Table 1: A comparison of type, unknowns’ number (number), and representation capacity (rep. capacity) of light model among Spin-UP and representative unsupervised NaUPS methods. The unknown number is calculated on \(50\) images (\(512\times512\)). ‘freq.’ represents frequency.
QL15 [3] HY19 [2] GM21 [1] Spin-UP
type SV-SH Global SH Eqv-Dir SG
number \(1.5\)K \(450\) \(1.4\)M \(434\)
low-freq. low-freq. low-freq. high-freq.

Figure 2: The proposed light initialization method in Spin-UP. We crop the boundary pixels \(m_b\) and normal \(\boldsymbol{n}_b\) from input images. Then, we remap them on the sphere and rotate them with their corresponding rotations \(\boldsymbol{R}\). Based on a light probe composed of gray-scale boundary pixels, we optimize the SG light model to obtain the environment light.

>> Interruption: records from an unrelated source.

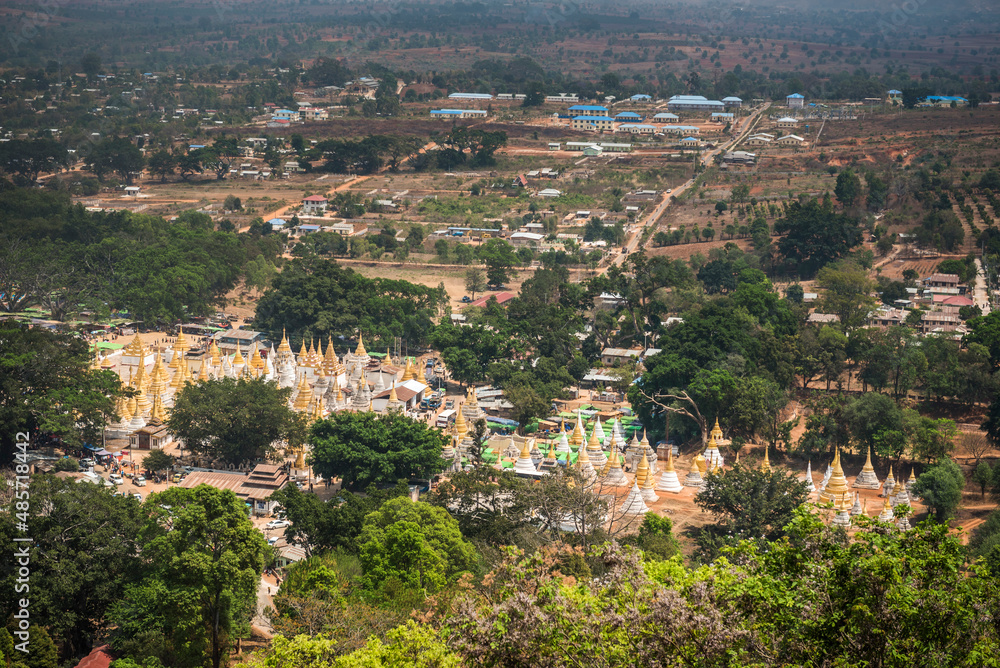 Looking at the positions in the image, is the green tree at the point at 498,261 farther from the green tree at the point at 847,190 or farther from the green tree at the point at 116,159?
the green tree at the point at 116,159

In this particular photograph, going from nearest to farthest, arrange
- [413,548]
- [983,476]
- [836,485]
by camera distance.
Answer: [413,548]
[836,485]
[983,476]

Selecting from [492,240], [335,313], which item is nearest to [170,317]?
[335,313]

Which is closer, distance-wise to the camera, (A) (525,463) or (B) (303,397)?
(A) (525,463)

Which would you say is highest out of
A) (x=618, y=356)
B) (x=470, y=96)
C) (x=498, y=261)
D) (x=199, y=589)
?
(x=199, y=589)

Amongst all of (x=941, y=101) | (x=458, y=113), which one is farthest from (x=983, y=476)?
(x=458, y=113)

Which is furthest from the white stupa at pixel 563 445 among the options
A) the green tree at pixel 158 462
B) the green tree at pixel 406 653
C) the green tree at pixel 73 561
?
the green tree at pixel 406 653

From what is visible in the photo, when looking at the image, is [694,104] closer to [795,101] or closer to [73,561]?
[795,101] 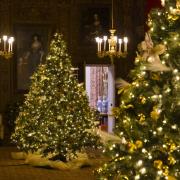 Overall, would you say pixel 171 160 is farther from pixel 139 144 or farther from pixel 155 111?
pixel 155 111

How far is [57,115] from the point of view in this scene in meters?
11.4

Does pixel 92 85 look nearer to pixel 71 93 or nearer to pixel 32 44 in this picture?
pixel 32 44

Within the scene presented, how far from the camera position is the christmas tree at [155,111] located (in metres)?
4.50

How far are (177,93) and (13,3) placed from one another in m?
13.1

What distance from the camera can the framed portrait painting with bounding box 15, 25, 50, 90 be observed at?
16.9 meters

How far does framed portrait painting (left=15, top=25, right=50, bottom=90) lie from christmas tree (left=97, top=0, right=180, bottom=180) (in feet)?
39.6

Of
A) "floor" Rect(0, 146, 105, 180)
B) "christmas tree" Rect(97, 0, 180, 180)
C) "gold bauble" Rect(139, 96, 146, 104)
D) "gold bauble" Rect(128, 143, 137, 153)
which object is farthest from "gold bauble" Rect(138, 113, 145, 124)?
"floor" Rect(0, 146, 105, 180)

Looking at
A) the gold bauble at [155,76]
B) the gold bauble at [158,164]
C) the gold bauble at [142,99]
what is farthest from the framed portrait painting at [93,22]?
the gold bauble at [158,164]

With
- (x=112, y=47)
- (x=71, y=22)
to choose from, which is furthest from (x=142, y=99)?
(x=71, y=22)

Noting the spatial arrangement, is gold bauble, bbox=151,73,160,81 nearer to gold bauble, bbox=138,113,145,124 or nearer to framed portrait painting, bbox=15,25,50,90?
gold bauble, bbox=138,113,145,124

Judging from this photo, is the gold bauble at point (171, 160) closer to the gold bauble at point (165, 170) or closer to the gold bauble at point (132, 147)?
the gold bauble at point (165, 170)

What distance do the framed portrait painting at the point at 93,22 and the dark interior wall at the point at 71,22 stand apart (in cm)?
3

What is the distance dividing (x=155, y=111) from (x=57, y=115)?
6.76 metres

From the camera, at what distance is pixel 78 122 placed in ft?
37.3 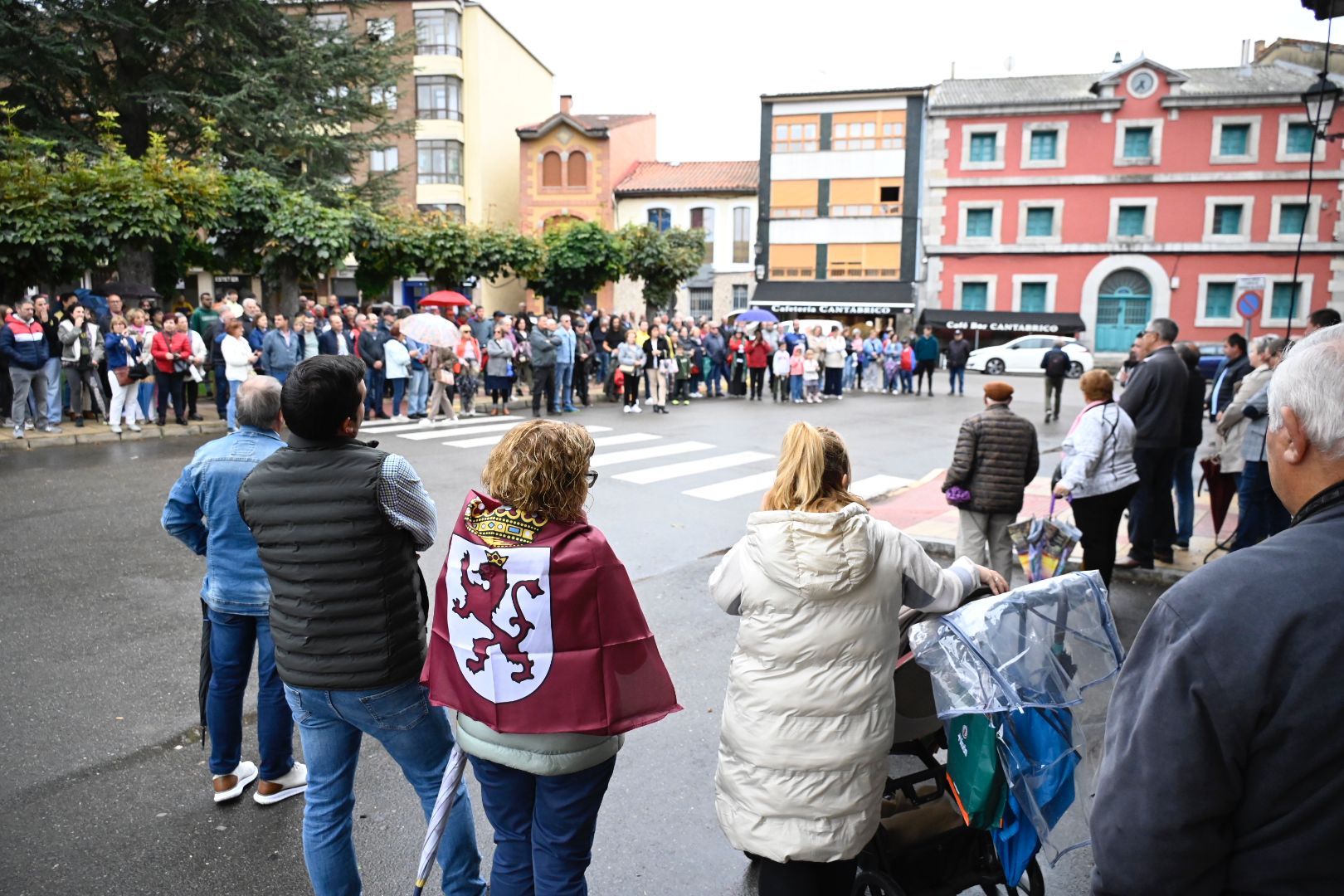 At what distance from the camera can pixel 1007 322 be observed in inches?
1518

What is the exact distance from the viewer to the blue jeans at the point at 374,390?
16.0 m

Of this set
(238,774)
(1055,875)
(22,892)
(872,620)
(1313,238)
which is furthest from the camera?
(1313,238)

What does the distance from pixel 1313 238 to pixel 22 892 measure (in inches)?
1763

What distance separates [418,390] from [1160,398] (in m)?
12.3

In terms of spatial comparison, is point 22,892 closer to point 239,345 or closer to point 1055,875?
point 1055,875

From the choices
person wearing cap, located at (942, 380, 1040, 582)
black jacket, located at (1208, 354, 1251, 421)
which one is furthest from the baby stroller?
black jacket, located at (1208, 354, 1251, 421)

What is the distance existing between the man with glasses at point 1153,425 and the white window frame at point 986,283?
34.9 m

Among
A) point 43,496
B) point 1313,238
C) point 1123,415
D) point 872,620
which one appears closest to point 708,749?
point 872,620

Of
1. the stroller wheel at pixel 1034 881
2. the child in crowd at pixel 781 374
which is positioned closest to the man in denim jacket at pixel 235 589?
the stroller wheel at pixel 1034 881

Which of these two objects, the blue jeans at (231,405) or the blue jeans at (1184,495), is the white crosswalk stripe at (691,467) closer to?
the blue jeans at (1184,495)

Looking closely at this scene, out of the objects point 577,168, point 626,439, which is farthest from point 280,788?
point 577,168

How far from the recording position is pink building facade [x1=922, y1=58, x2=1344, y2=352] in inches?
1457

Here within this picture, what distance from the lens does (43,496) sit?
30.6 ft

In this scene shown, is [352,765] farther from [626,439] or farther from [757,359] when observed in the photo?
[757,359] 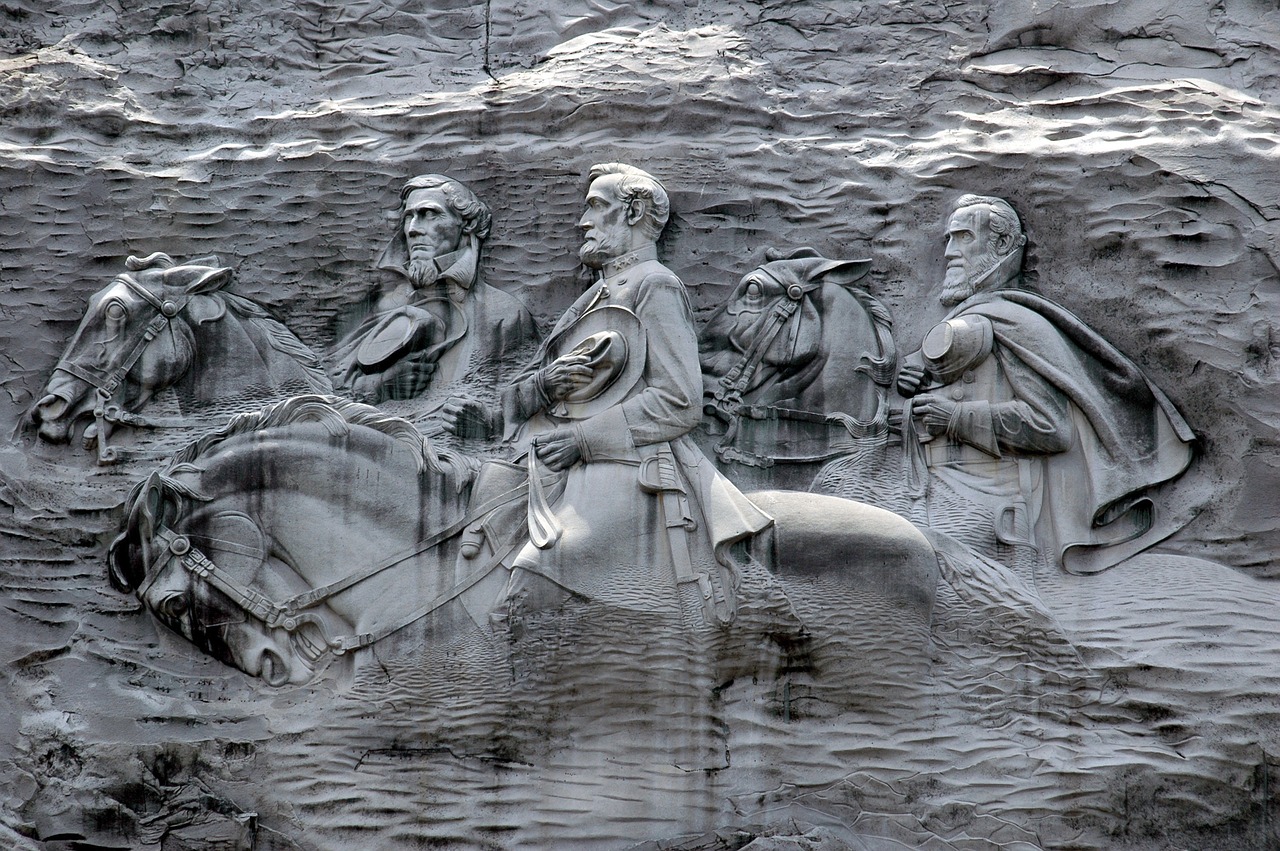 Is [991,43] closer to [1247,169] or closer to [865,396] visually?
[1247,169]

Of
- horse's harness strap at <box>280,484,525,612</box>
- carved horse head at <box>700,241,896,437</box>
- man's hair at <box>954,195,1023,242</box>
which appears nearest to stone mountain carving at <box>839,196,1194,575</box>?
carved horse head at <box>700,241,896,437</box>

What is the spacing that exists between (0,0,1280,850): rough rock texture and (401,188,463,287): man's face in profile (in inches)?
10.2

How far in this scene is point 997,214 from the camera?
10.3m

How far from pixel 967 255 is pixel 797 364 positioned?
3.42ft

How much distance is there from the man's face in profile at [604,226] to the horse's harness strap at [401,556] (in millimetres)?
1298

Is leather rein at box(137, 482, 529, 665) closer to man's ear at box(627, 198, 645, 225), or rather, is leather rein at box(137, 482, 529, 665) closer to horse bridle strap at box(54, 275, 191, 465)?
horse bridle strap at box(54, 275, 191, 465)

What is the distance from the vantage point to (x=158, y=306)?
10.3 metres

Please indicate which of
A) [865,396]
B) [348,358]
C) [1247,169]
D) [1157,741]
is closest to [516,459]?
[348,358]

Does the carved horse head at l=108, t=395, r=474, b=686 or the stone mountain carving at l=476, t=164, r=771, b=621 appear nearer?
the stone mountain carving at l=476, t=164, r=771, b=621

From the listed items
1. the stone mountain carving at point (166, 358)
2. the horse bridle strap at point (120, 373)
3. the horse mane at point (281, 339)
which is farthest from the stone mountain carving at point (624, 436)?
the horse bridle strap at point (120, 373)

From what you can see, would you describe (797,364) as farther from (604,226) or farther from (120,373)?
(120,373)

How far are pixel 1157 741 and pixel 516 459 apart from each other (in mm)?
3318

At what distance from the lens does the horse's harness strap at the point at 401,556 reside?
31.5 feet

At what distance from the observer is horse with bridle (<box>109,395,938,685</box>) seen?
31.3 ft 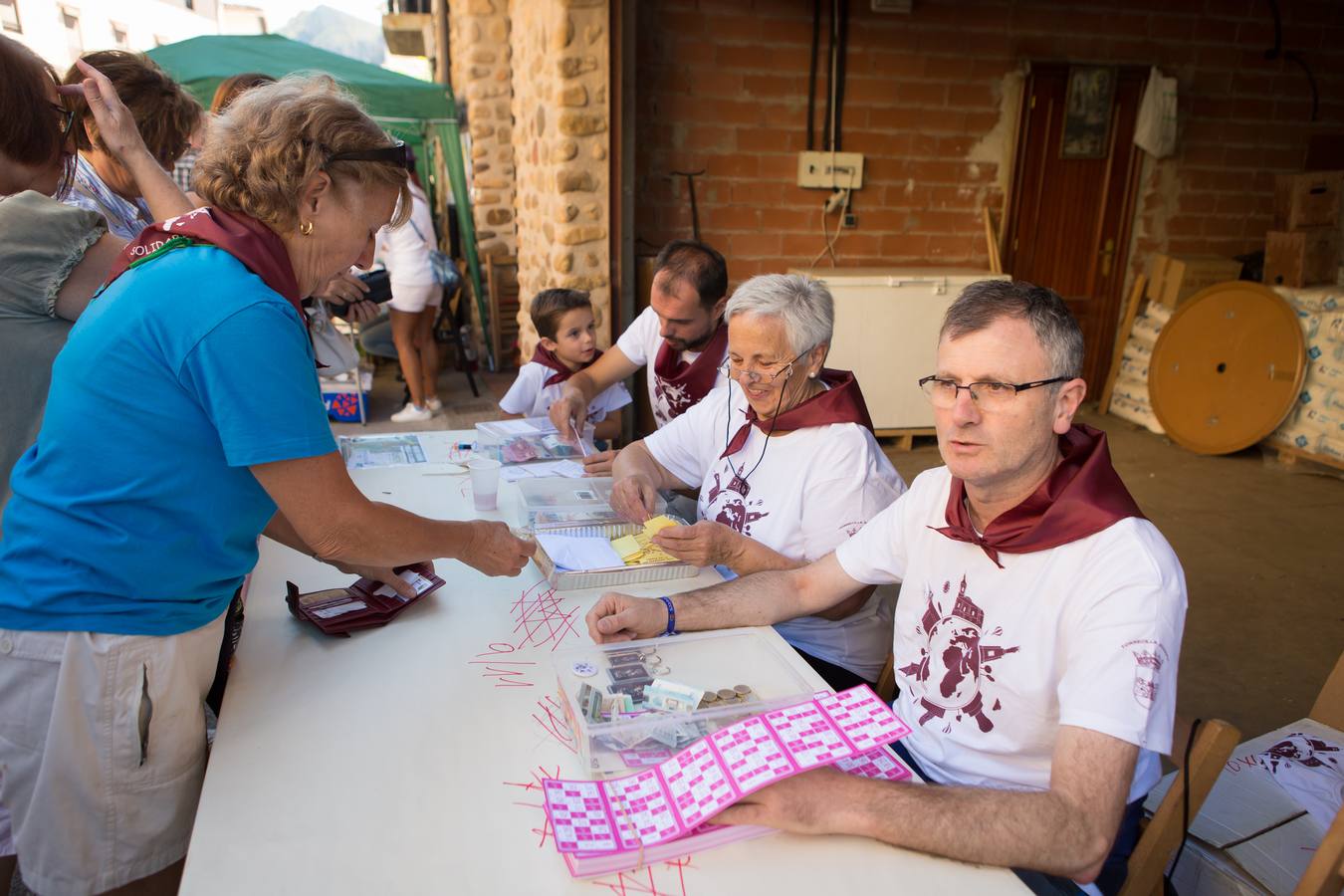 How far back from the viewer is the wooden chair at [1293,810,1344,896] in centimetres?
125

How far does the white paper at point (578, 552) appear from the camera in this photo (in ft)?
6.72

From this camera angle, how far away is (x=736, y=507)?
7.78ft

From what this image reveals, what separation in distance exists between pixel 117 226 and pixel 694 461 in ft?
5.87

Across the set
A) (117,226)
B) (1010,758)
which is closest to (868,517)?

Unknowns reduction. The proposed spin light setup reduces the unknowns of the light representation \(\boldsymbol{L}\) by exploiting correlations between different images. Unlike previous NaUPS methods that separately model the light for each image, we consider a uniform environment light \(\boldsymbol{L}\) for all images represented by the parametric model like spherical Gaussian, and 1-DoF rotation angle \(\theta\) for each image. As such, the unknowns consist of the environment light model’s parameters and the number of rotational angles that are quantitatively equal to \(N_I\). The total unknown amount is reduced compared to other methods (Table 1), which helps mitigate the ill-posedness and facilitates solving NaUPS with advanced light and reflectance models in an unsupervised manner.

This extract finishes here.